Lo que estas y muchas otras apasionadas reacciones comparten es el temor a la subversión de lo “constitucional”, es decir, el temor a que se ponga en cuestión el principio organizador del orden socio-jurídico y se “contamine” con los conflictos de la política ordinaria y la democracia. Estas reacciones, sin embargo, no son azarosas ni mucho menos sucesos puntuales.

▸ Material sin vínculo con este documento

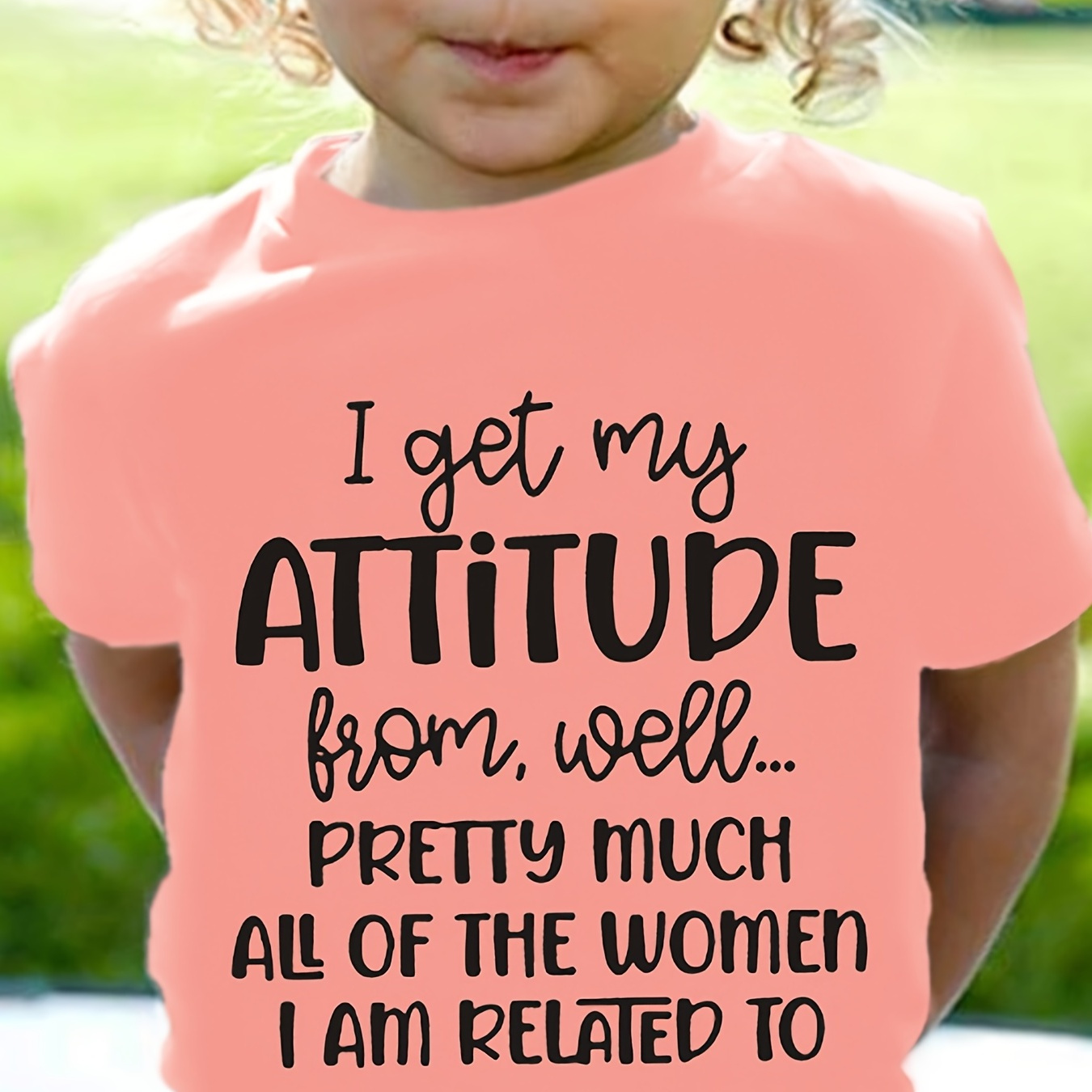 Toddler Girls Letter "I Get My Attitude" Graphic T-Shirt Casual Round Neck Tees Top Kids Summer Clothes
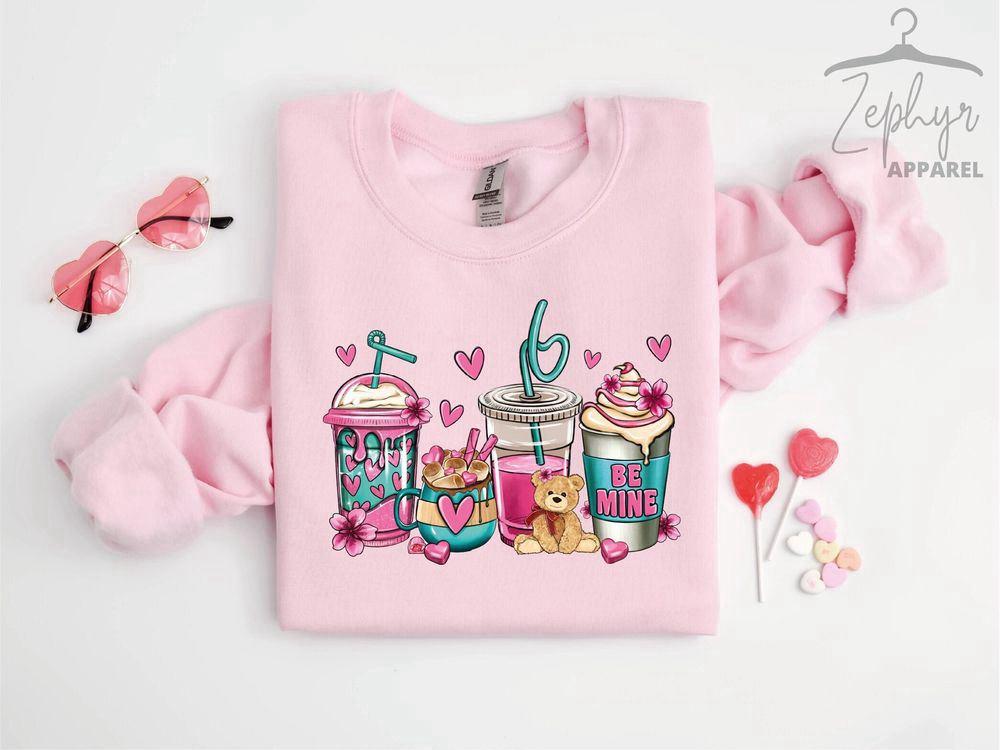 Valentines Sweatshirt, Be Mine Valentine Sweatshirt, Coffee Valentine Sweatshirt, Womens Valentines Sweatshirt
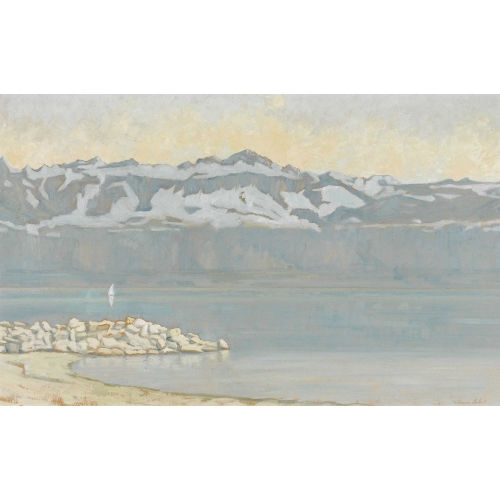 WILLIAM-VICTOR AUBERT : Le Lac L�man et les Alpes (DOBIASCHOFSKY AUKTIONEN AG)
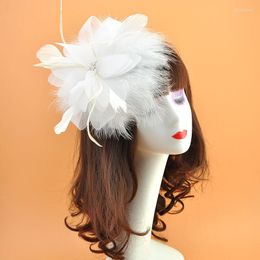 Coiffures blanches plumes de mariée accessoires de cheveux scène performance tête fleur tulle bord mandrin maille épingle à cheveux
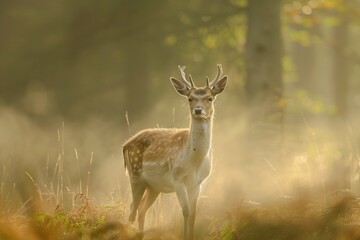 Serene deer in forest, morning mist, close-up, calm presence, natural woodland setting, tranquil
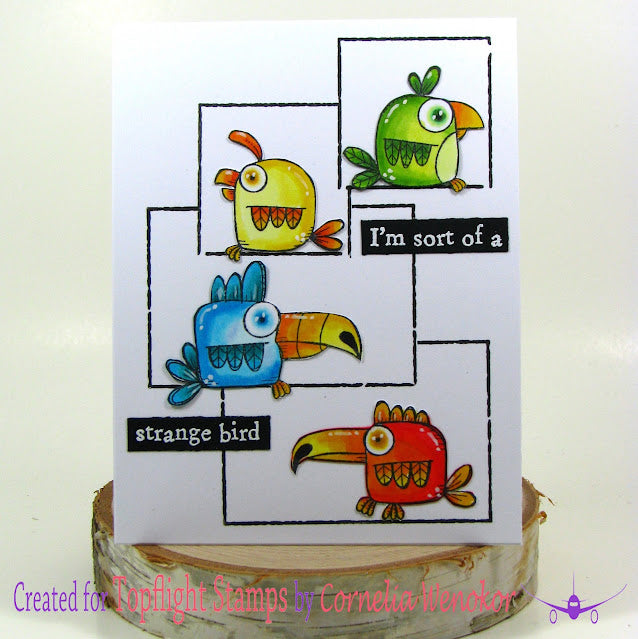 AALL & Create - A6 - Clear Stamps - 464 - Strange Birds - Janet Klein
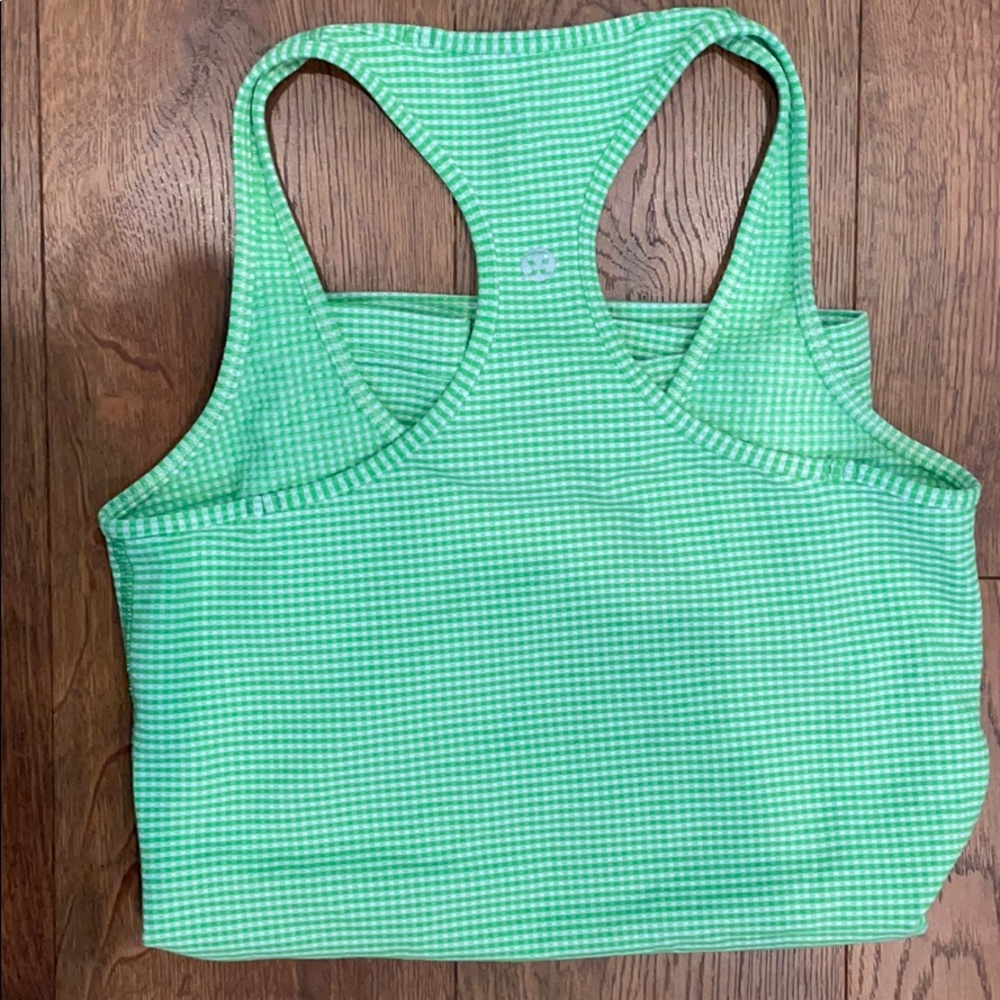 lululemon green/white striped tank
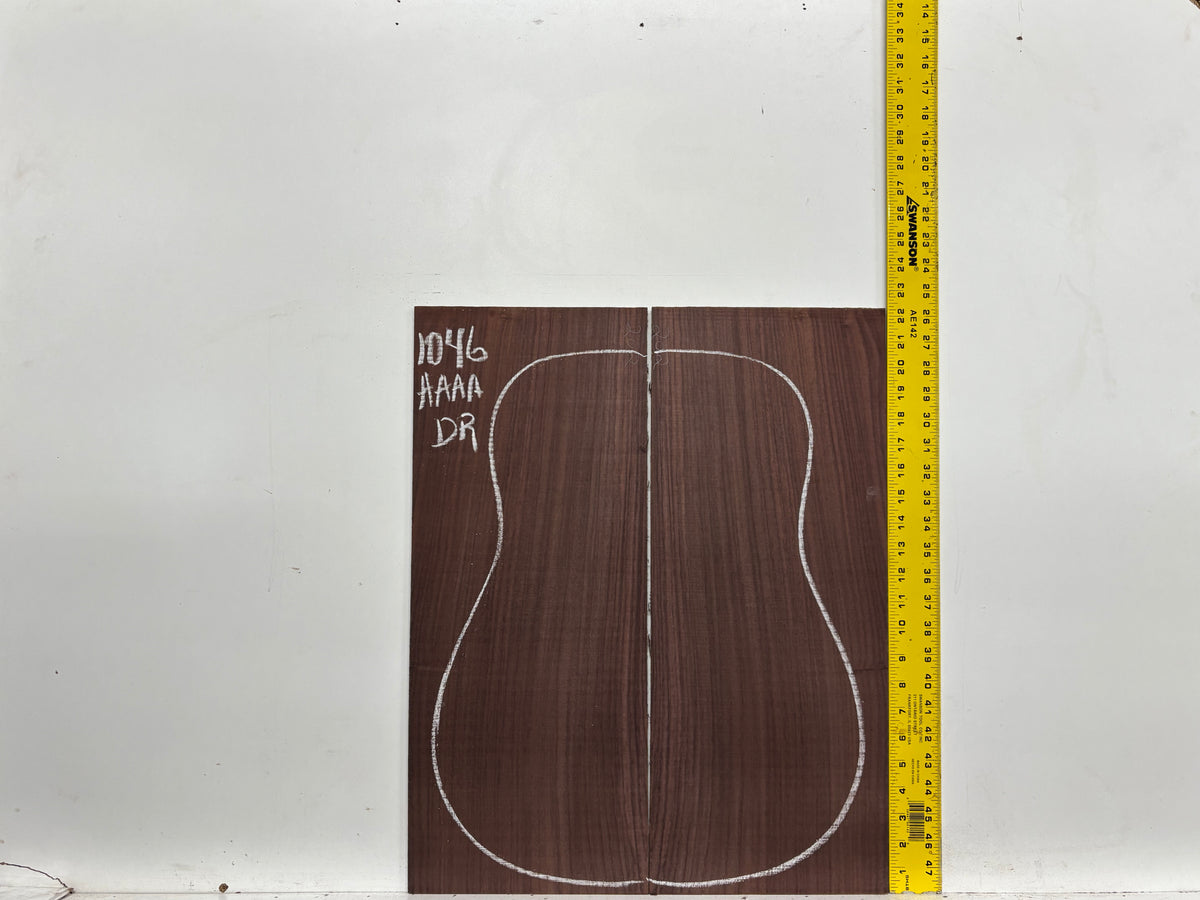 East Indian Rosewood Dreadnought AAAA Grade Guitar Back & Side Set #1046 - Exotic Wood Zone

El denominador común: responden a una lógica de contención de demandas de justicia social y domesticación de los márgenes de la discusión normativa en nuestra sociedad.
Uno de los aprendizajes más notables del ciclo de movilización social iniciado en 2006 con la Revolución Pingüina, y continuado por el movimiento estudiantil por la gratuidad (2011), por el movimiento No + AFP (2016), el Mayo feminista (2018) y el “estallido social” (2019), es el reconocimiento de la manera en que opera esta lógica: primero, las demandas son recibidas como metas moralmente deseables, luego son políticamente enmarcadas como poco realistas y, finalmente, son jurídicamente descartadas como “inconstitucionales”. La resistencia organizada que las elites económicas y políticas han montado en los últimos años para hacer frente a diversas demandas igualitarias y de transformación social democrática demuestra que la resiliencia del orden neoliberal en nuestro país descansa, en buena parte, en las diversas formas en que la distinción entre lo “constitucional” y lo “inconstitucional” se define, interpreta y moviliza a través de prácticas, regulaciones e imaginarios que gobiernan la vida cotidiana de la población.
En las democracias modernas la distinción constitucional/inconstitucional no es un tópico que atraiga demasiada atención en la conversación cotidiana de las personas. Sin embargo, ocupa un lugar central porque produce un espacio de representación simbólica, ordenamiento institucional y protección jurídica para principios, derechos e instituciones que una sociedad (o una parte de ella) valora como esenciales para el desarrollo de la vida colectiva y el ejercicio del poder. A diferencia de estipulaciones legales de menor jerarquía y aplicación jurídica ordinaria, las disposiciones con rango constitucional carecen de un significado unívoco y autoexplicativo; para que adquieran sentido y eficacia requieren ser interpretadas y reinterpretadas (Böckenforde, 1993).